A 450-marine column entered the 'gun market' in north-eastern Mogadishu yesterday and confiscated 250 rifles, a tank, 10 technicals and hundreds of rounds of ammunition. Despite the announcement of the effective closure of the market, the arms the Americans captured yesterday and on Thursday represented a small fraction of the estimated thousands of weapons still in Mogadishu. Some of the weapons at the gun market were turned in in return for bags of rice and wheat, said Col Hagee.
The success of a programme for the voluntary surrender of weapons in the southern port of Kismayu had been 'limited', said Col Hagee, who estimated that 43 guns had been handed in.
The stepped-up US patrols in Mogadishu against arms depots and gunmen have followed sharp criticism from Somalis and international relief agencies of the Americans' failure to pursue disarmament more vigorously. Several foreign aid organisations have said that after a month of Operation Restore Hope, security in some areas of the capital is worse than before the US marines arrived on 9 December.
Gen Johnston, in the television interview, said that intervention forces had succeeded in establishing humanitarian relief sites in Somalia's famine belt in the interior. 'Now we're in phase three,' Gen Johnston said. 'Now we are systematically going after the technicals and the bandits. Now the focus is on eliminating the technicals.'
He predicted more clashes with Somali gunmen because more American forces were patrolling the streets of the capital. 'Especially around Mogadishu, we are now very aggressively patrolling.'
ADDIS ABABA - Somali warring factions reached agreement here yesterday on holding a national reconciliation conference in the Ethiopian capital from 15-18 April, AFP reports.

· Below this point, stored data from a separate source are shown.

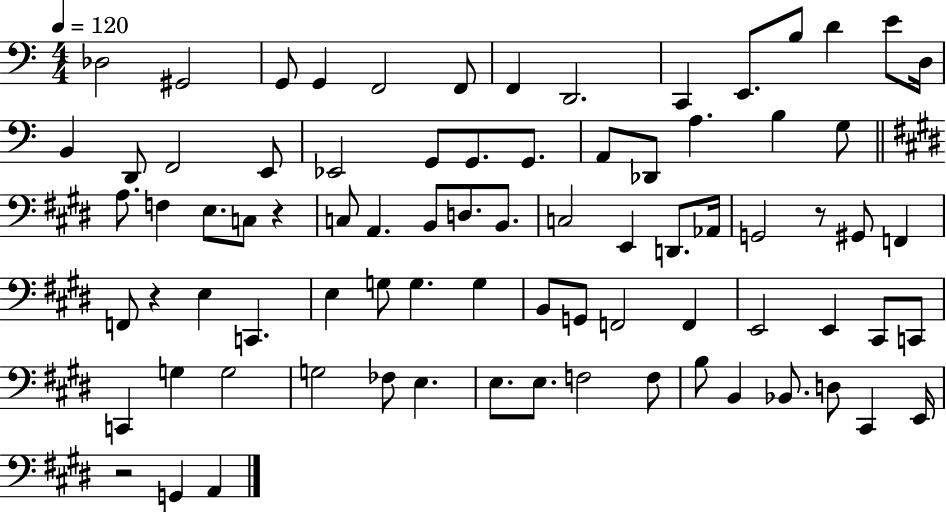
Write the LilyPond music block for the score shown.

{
  \clef bass
  \numericTimeSignature
  \time 4/4
  \key c \major
  \tempo 4 = 120
  \repeat volta 2 { des2 gis,2 | g,8 g,4 f,2 f,8 | f,4 d,2. | c,4 e,8. b8 d'4 e'8 d16 | \break b,4 d,8 f,2 e,8 | ees,2 g,8 g,8. g,8. | a,8 des,8 a4. b4 g8 | \bar "||" \break \key e \major a8. f4 e8. c8 r4 | c8 a,4. b,8 d8. b,8. | c2 e,4 d,8. aes,16 | g,2 r8 gis,8 f,4 | \break f,8 r4 e4 c,4. | e4 g8 g4. g4 | b,8 g,8 f,2 f,4 | e,2 e,4 cis,8 c,8 | \break c,4 g4 g2 | g2 fes8 e4. | e8. e8. f2 f8 | b8 b,4 bes,8. d8 cis,4 e,16 | \break r2 g,4 a,4 | } \bar "|."
}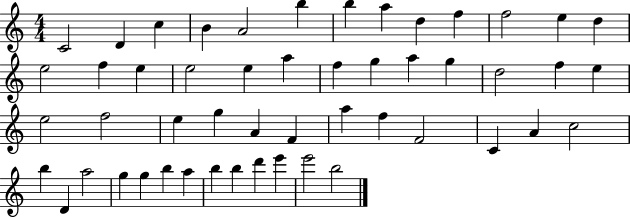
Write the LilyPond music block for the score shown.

{
  \clef treble
  \numericTimeSignature
  \time 4/4
  \key c \major
  c'2 d'4 c''4 | b'4 a'2 b''4 | b''4 a''4 d''4 f''4 | f''2 e''4 d''4 | \break e''2 f''4 e''4 | e''2 e''4 a''4 | f''4 g''4 a''4 g''4 | d''2 f''4 e''4 | \break e''2 f''2 | e''4 g''4 a'4 f'4 | a''4 f''4 f'2 | c'4 a'4 c''2 | \break b''4 d'4 a''2 | g''4 g''4 b''4 a''4 | b''4 b''4 d'''4 e'''4 | e'''2 b''2 | \break \bar "|."
}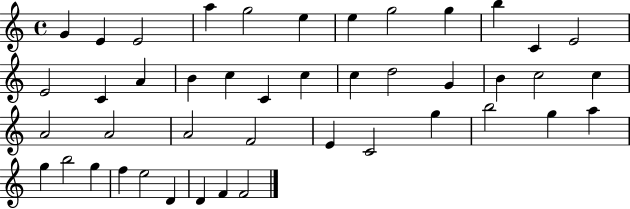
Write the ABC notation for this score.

X:1
T:Untitled
M:4/4
L:1/4
K:C
G E E2 a g2 e e g2 g b C E2 E2 C A B c C c c d2 G B c2 c A2 A2 A2 F2 E C2 g b2 g a g b2 g f e2 D D F F2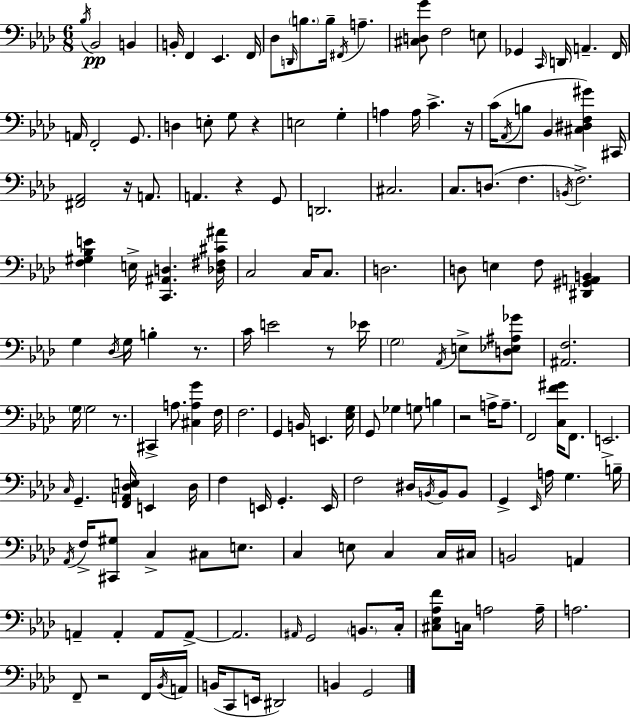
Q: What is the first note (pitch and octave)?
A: Bb3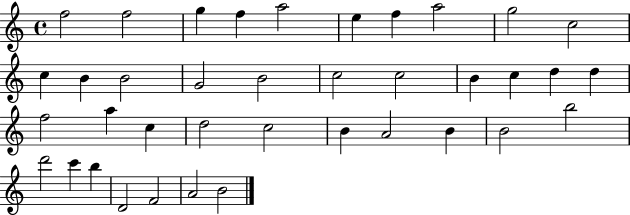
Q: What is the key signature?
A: C major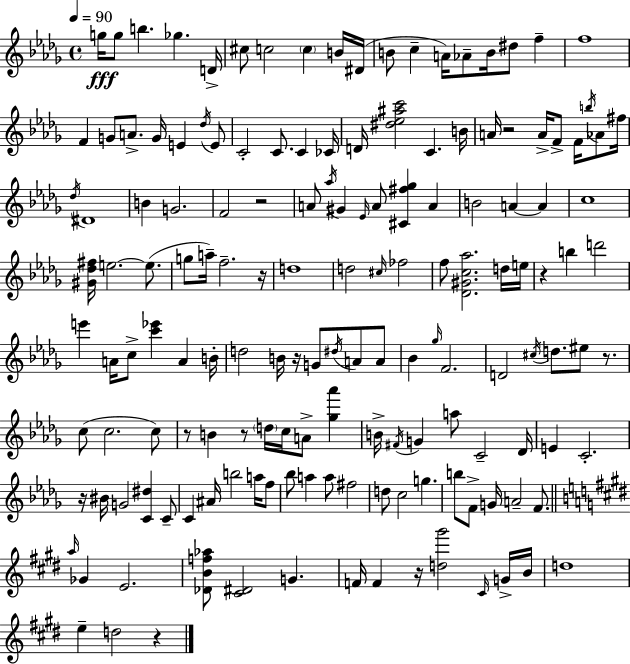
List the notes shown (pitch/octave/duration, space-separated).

G5/s G5/e B5/q. Gb5/q. D4/s C#5/e C5/h C5/q B4/s D#4/s B4/e C5/q A4/s Ab4/e B4/s D#5/e F5/q F5/w F4/q G4/e A4/e. G4/s E4/q Db5/s E4/e C4/h C4/e. C4/q CES4/s D4/s [D#5,Eb5,A#5,C6]/h C4/q. B4/s A4/s R/h A4/s F4/e F4/s B5/s Ab4/e F#5/s Db5/s D#4/w B4/q G4/h. F4/h R/h A4/e Ab5/s G#4/q Eb4/s A4/e [C#4,F#5,Gb5]/q A4/q B4/h A4/q A4/q C5/w [G#4,Db5,F#5]/s E5/h. E5/e. G5/e A5/s F5/h. R/s D5/w D5/h C#5/s FES5/h F5/e [Db4,G#4,C5,Ab5]/h. D5/s E5/s R/q B5/q D6/h E6/q A4/s C5/e [C6,Eb6]/q A4/q B4/s D5/h B4/s R/s G4/e D#5/s A4/e A4/e Bb4/q Gb5/s F4/h. D4/h C#5/s D5/e. EIS5/e R/e. C5/e C5/h. C5/e R/e B4/q R/e D5/s C5/s A4/e [Gb5,Ab6]/q B4/s F#4/s G4/q A5/e C4/h Db4/s E4/q C4/h. R/s BIS4/s G4/h [C4,D#5]/q C4/e C4/q A#4/s B5/h A5/s F5/e Bb5/e A5/q A5/e F#5/h D5/e C5/h G5/q. B5/e F4/e G4/s A4/h F4/e. A5/s Gb4/q E4/h. [Db4,B4,F5,Ab5]/e [C#4,D#4]/h G4/q. F4/s F4/q R/s [D5,G#6]/h C#4/s G4/s B4/s D5/w E5/q D5/h R/q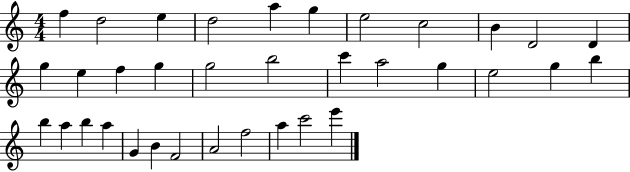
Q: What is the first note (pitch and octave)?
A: F5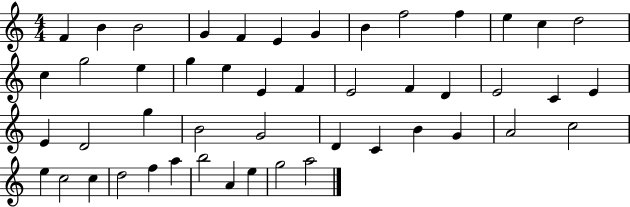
{
  \clef treble
  \numericTimeSignature
  \time 4/4
  \key c \major
  f'4 b'4 b'2 | g'4 f'4 e'4 g'4 | b'4 f''2 f''4 | e''4 c''4 d''2 | \break c''4 g''2 e''4 | g''4 e''4 e'4 f'4 | e'2 f'4 d'4 | e'2 c'4 e'4 | \break e'4 d'2 g''4 | b'2 g'2 | d'4 c'4 b'4 g'4 | a'2 c''2 | \break e''4 c''2 c''4 | d''2 f''4 a''4 | b''2 a'4 e''4 | g''2 a''2 | \break \bar "|."
}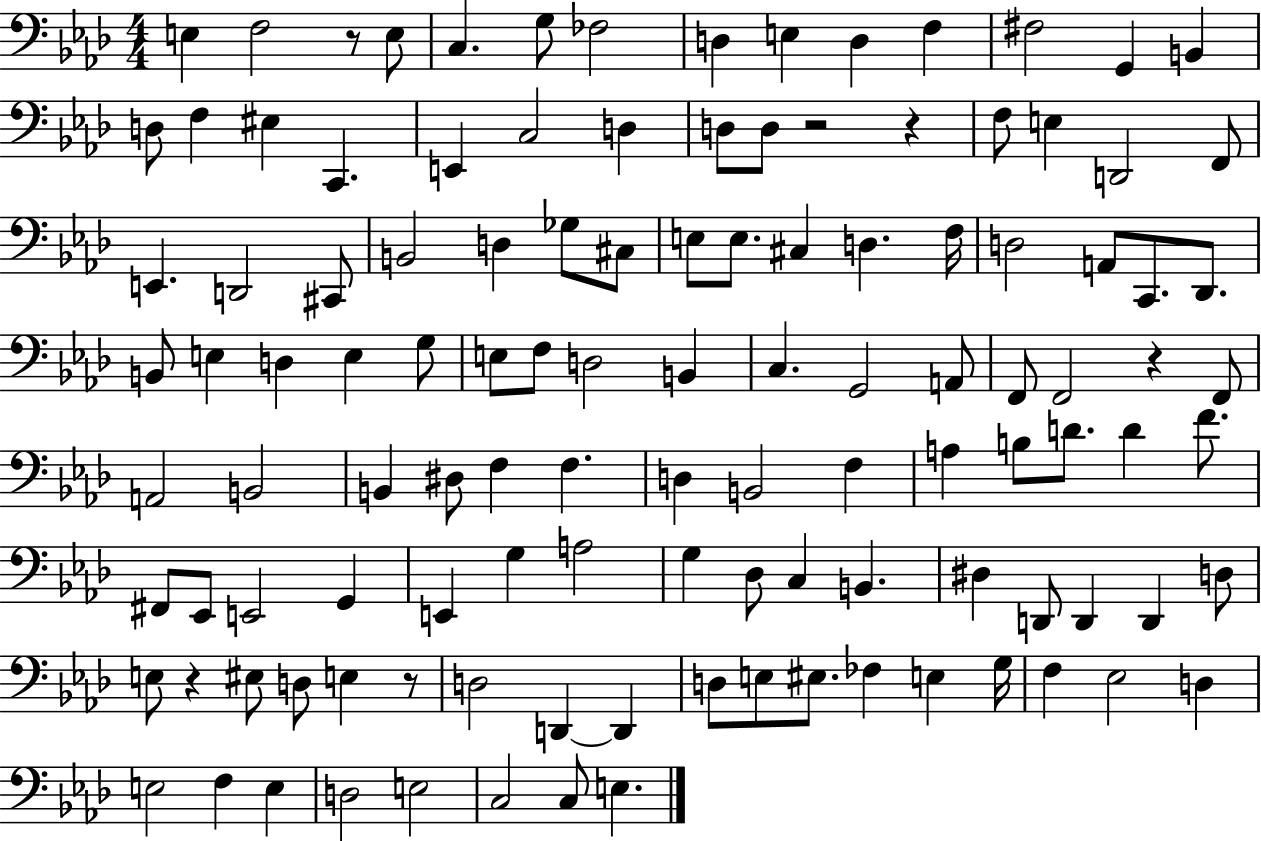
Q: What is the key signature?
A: AES major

A member of the delegation of one of the two main warlords, Ali Mahdi Mohamed, said the accord was reached after much international pressure, notably from the United Nations, the US and Ethiopia. The other main warlord, Mohamed Farah Aideed, had been holding out for a ceasefire before agreeing to the date and place where the conference would be held. The source said Gen Aideed had been more conciliatory overnight, especially since US troops attacked his positions on Thursday.